Fraud Detection is a project trained using Machine Learning to identify online transactions. The model was trained using Supervised Learning Algorithms like Decision Tree and Logistic Regression since the dataset already had labeled data.The model was evaluated using key metrics like confusion matrix. The accuracy of both the algorithms was :Decision Tree Score: 99.94947 Logistic Regression Score 99.91363.
- Source : The dataset is imported from Kaggle.The dataset consists of records like type of transaction,original and new balance of customer and recipient. It also includes record of Fraud transactions and which are Flagged as Fraud.
- Missing Values : Handled missing values by removing rows with incomplete data.
- Outliers Detection : Outliers were detected using InterQuartile Range (IQR). There were total of 338077 outliers in the data but removing outliers in this dataset may make the model bias.
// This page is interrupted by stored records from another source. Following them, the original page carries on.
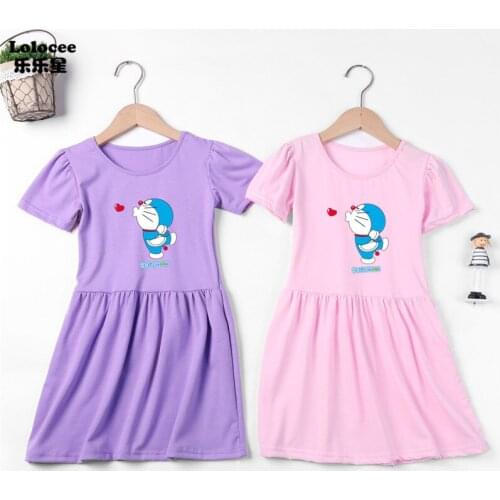 Baby girls short sleeve dresses cotton clothes summer Doraemon kids girls casual dresses 3-14T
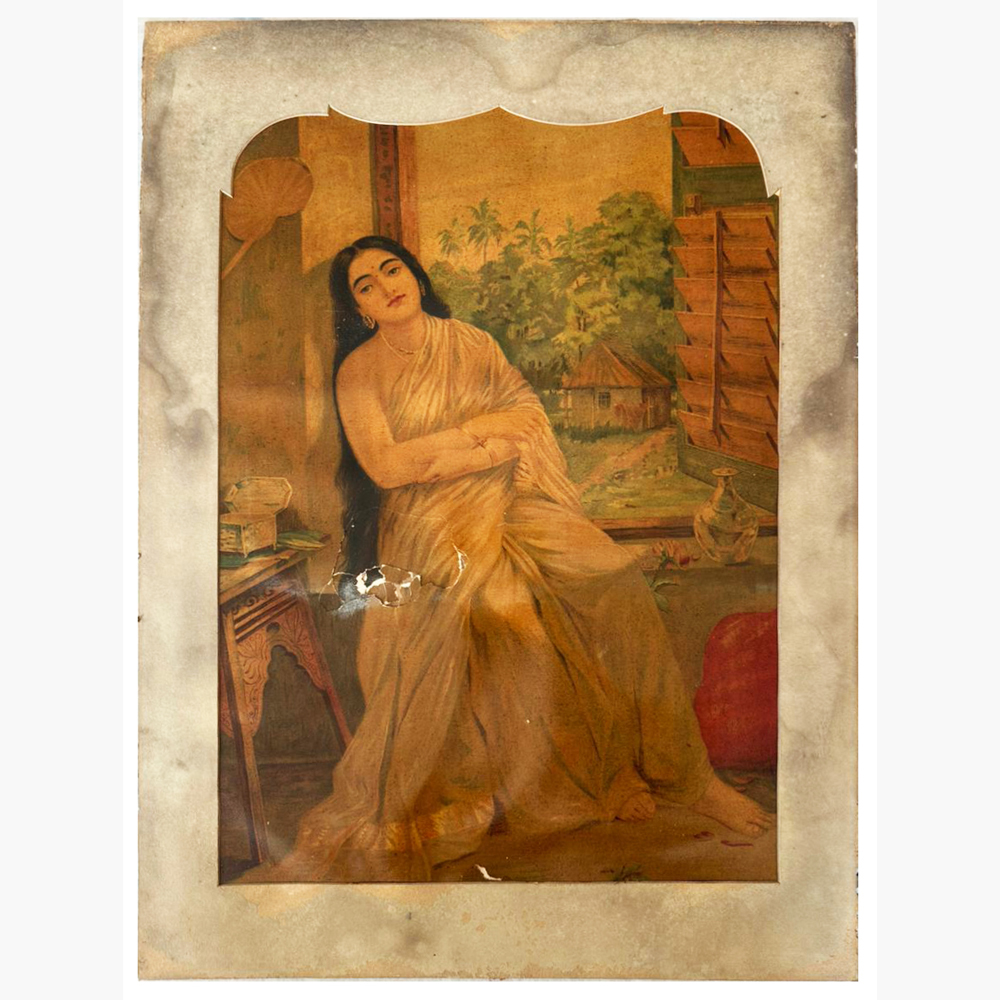 Graceful Manorama Oleograph by Raja Ravi Varma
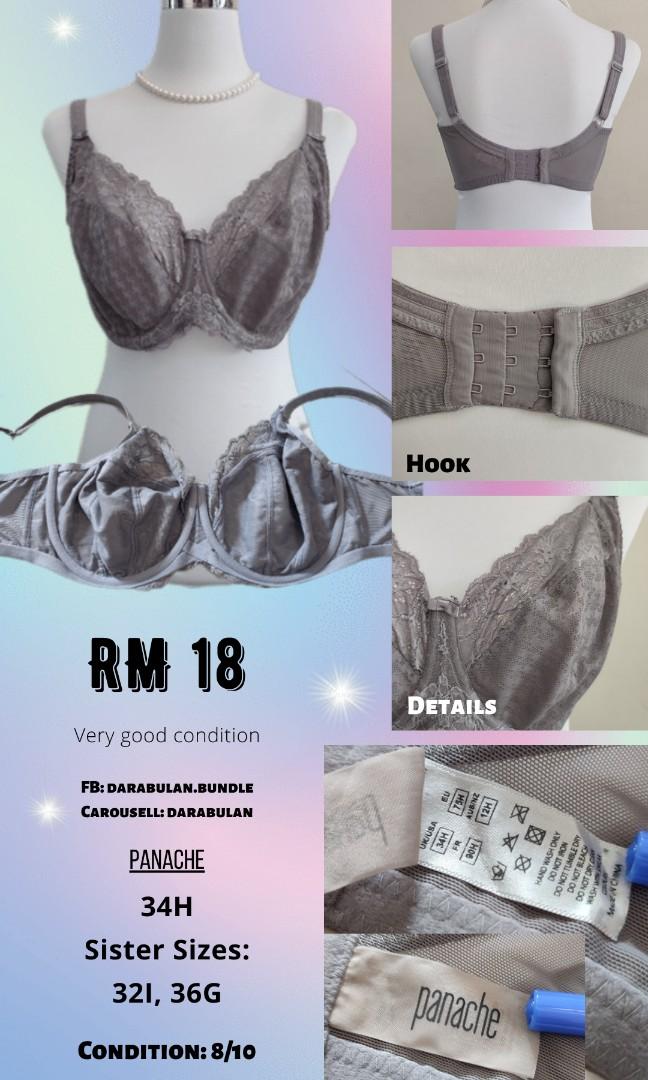 🌙Panache Envy Balconette Lace Full Cup Slate Grey Houndstooth Unlined  Underwire Bra, Women's Fashion, New Undergarments & Loungewear on Carousell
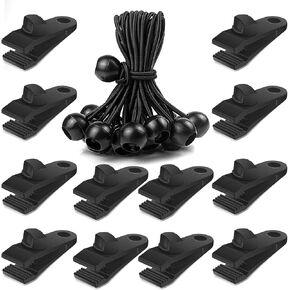 Large Tarp Clips Heavy Duty Lock Grip 12 PCs Tarp Clamps Thumb Screw Tent Fasteners Clips with 12 PCs Ball Bungee Cords for Camping Awnings Caravan Canopies Car Swimming Pool Boat Cover Clips etc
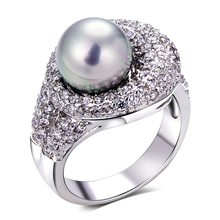 Shell & natural Pearl Ring women ring white gold plated with Cubic zircon Rings new designer fine jewelry Free shipping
- Feature Encoding : The records for type were categorical. Used Label Encoding to convert them into numeric data type.
- Feature Scaling : Standard Scalar was used to normalize features.
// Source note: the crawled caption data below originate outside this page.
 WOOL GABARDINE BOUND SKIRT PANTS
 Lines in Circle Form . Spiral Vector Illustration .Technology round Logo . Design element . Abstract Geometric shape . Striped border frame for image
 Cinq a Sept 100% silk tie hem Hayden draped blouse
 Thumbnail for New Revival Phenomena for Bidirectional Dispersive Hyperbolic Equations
- Performed EDA to understand data and identify outliers. The bar chart for type of payment record showed more number of transactions with Cash-out as compare to Cash-in. Correlation Matrix demonstrated that oldBalanceOrign and newBalanceOrig were highly correlated.Plots such as count, box, and scatter gave information about the data by showing patterns and trends.
- Amount_origin and Amount_Dest features were created by calculating the difference between old and new balance at origin and destination accounts.
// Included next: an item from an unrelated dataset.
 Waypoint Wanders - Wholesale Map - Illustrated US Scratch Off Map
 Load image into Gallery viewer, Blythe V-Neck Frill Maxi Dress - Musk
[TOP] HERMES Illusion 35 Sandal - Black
- Supervised Learning algorithms- Decision Tree and Logistic Regression were used to train.
- Logistic Regression: Trained with L2 regularization.
- Decision Tree : Fine- tuning was performed for hyperparameters like max_depth and min_samples_split.
- Confusion matrix was used to evaluate the performance of both models.
- Calculated accuracy, precision, recall and f1 score using classification_report.